Click to reveal solution
RSolution
top3 <- head(mtcars, 3) top3$car <- rownames(top3) ex_labels <- glue_data(top3, "{car}: {mpg} mpg") ex_labels #> Mazda RX4: 21 mpg #> Mazda RX4 Wag: 21 mpg #> Datsun 710: 22.8 mpg

  

Explanation: Row names are not a column of mtcars, so we copy them into a car column first. glue_data() then looks up car and mpg in the data frame and returns one string per row.

  • glue(): interpolate variables that live as separate objects in scope.
  • glue_collapse(): fold a glue vector into a single string with a separator.
  • glue_sql(): row-wise interpolation that quotes values safely for SQL.
  • glue_safe(): like glue() but errors clearly when a {name} is missing.
  • str_glue_data(): the stringr alias for glue_data() with identical behaviour.

For the full reference, see the glue package documentation.

FAQ

What is the difference between glue() and glue_data() in R?

glue() looks up brace names in the calling environment only, while glue_data() looks them up in a data frame (or list) first and falls back to the environment. Use glue_data() when your values live as columns of a data frame; use glue() when they live as separate variables. They share every other argument, including .sep, .na, and the brace delimiters.

How do I use glue_data() inside a dplyr pipeline?

You can pipe a data frame straight into glue_data() with df |> glue_data("{col}"), which returns a character vector.
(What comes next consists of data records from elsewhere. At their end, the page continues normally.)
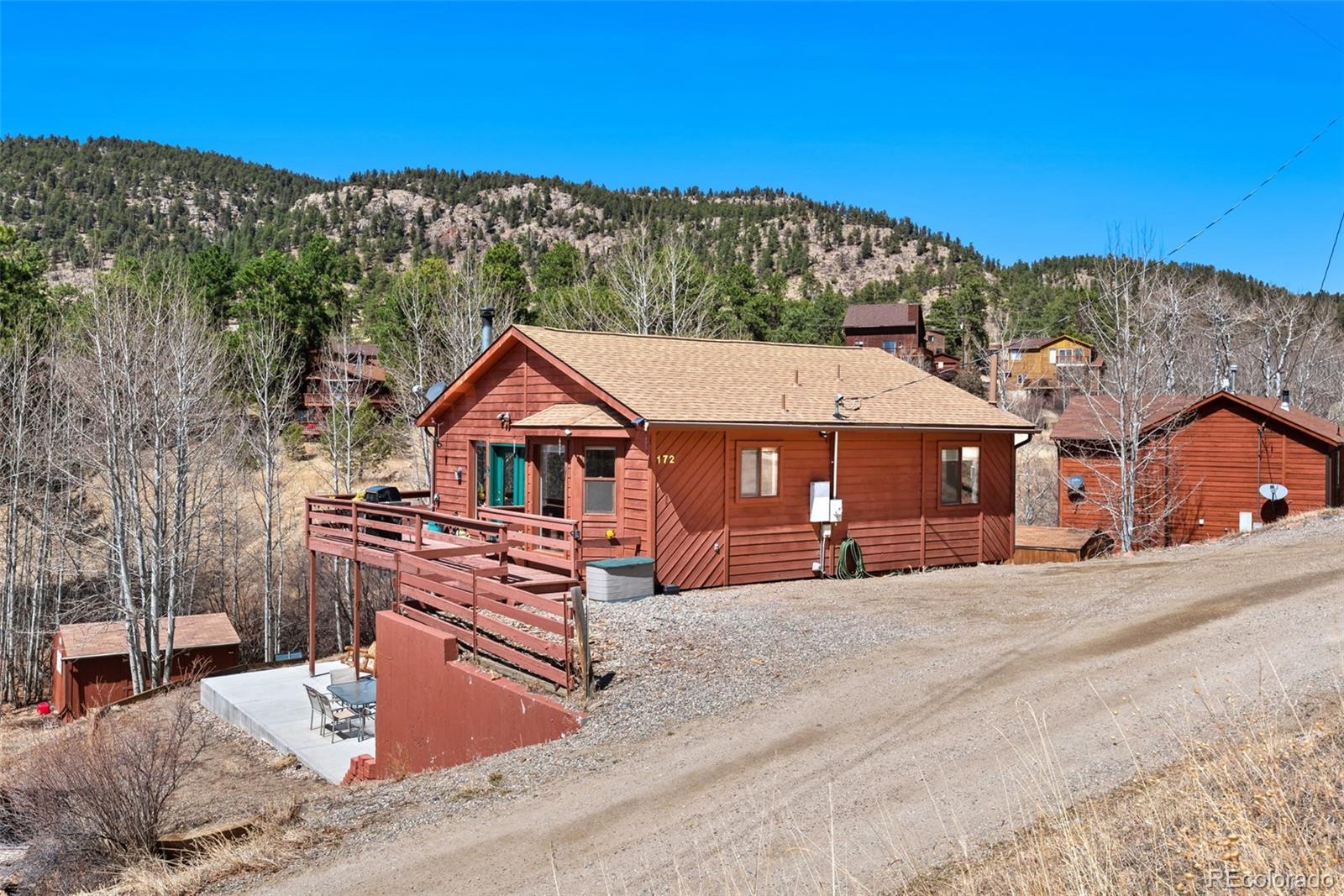 MLS Image #28 for 172  silver springs road,bailey, Colorado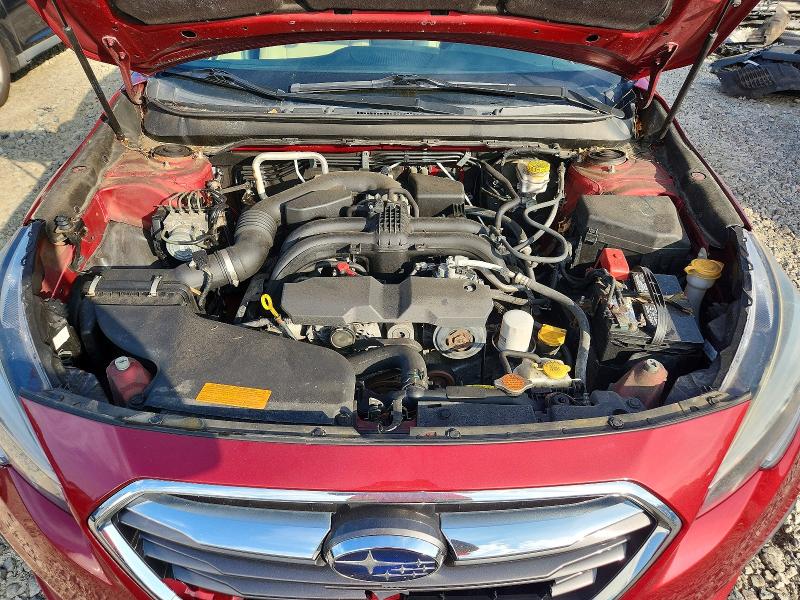 Photo 11 from auction – 2018 SUBARU LEGACY with VIN 4S3BNAN63J3024984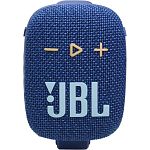 Портативна акустика JBL Wind 3S Blue (JBLWIND3SBLU)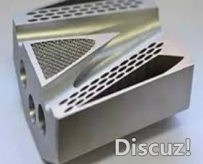 钛合金3D打印在汽车零件上能多轻？实测性能远超传统制造！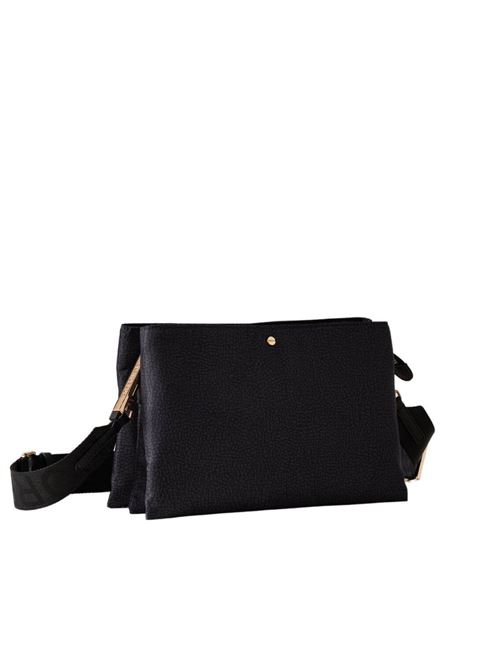 Eco Line Umhängetasche BORBONESE | 933785AH1BY66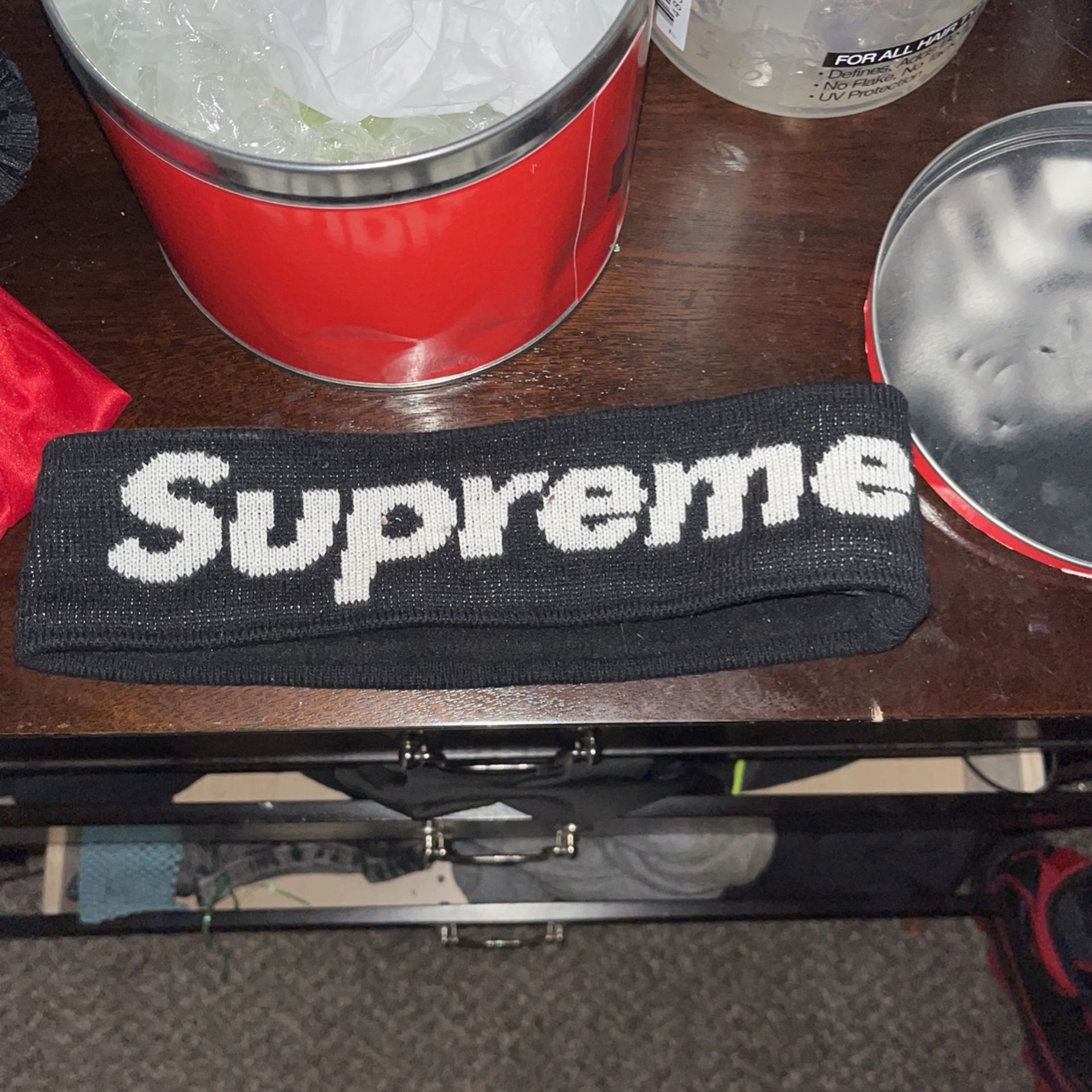 Supreme Headband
Inside mutate(), columns are already in scope, so a plain glue() call works there too: mutate(label = glue("{col1}-{col2}")). Reach for glue_data() when the pipeline returns a data frame you want to label outside of mutate().

Why does glue_data() return multiple strings instead of one?

glue_data() returns one string per row of the input data frame, so the result length always equals nrow(.x). That is the function's job: produce a row-aligned vector. If you want a single combined string, pass the result to glue_collapse() with a separator like ", " or "\n".

Can I use expressions like sum() or paste0() inside glue_data() braces?

Yes. Anything inside {} is treated as R code evaluated against the data frame, so {toupper(name)}, {round(score, 1)}, and {format(date, '%Y')} all work. The columns become vectors of length 1 inside each row's evaluation, so column-wise functions like sum() collapse correctly.

How do I handle NA values when interpolating with glue_data()?

Pass the .na argument to control the placeholder for missing values. The default is the literal "NA", which prints in the template; setting .na = "unknown" or .na = "-" replaces every NA with that text. Set .na = NULL to keep the NA propagation behaviour where any NA in a slot returns NA for the whole string.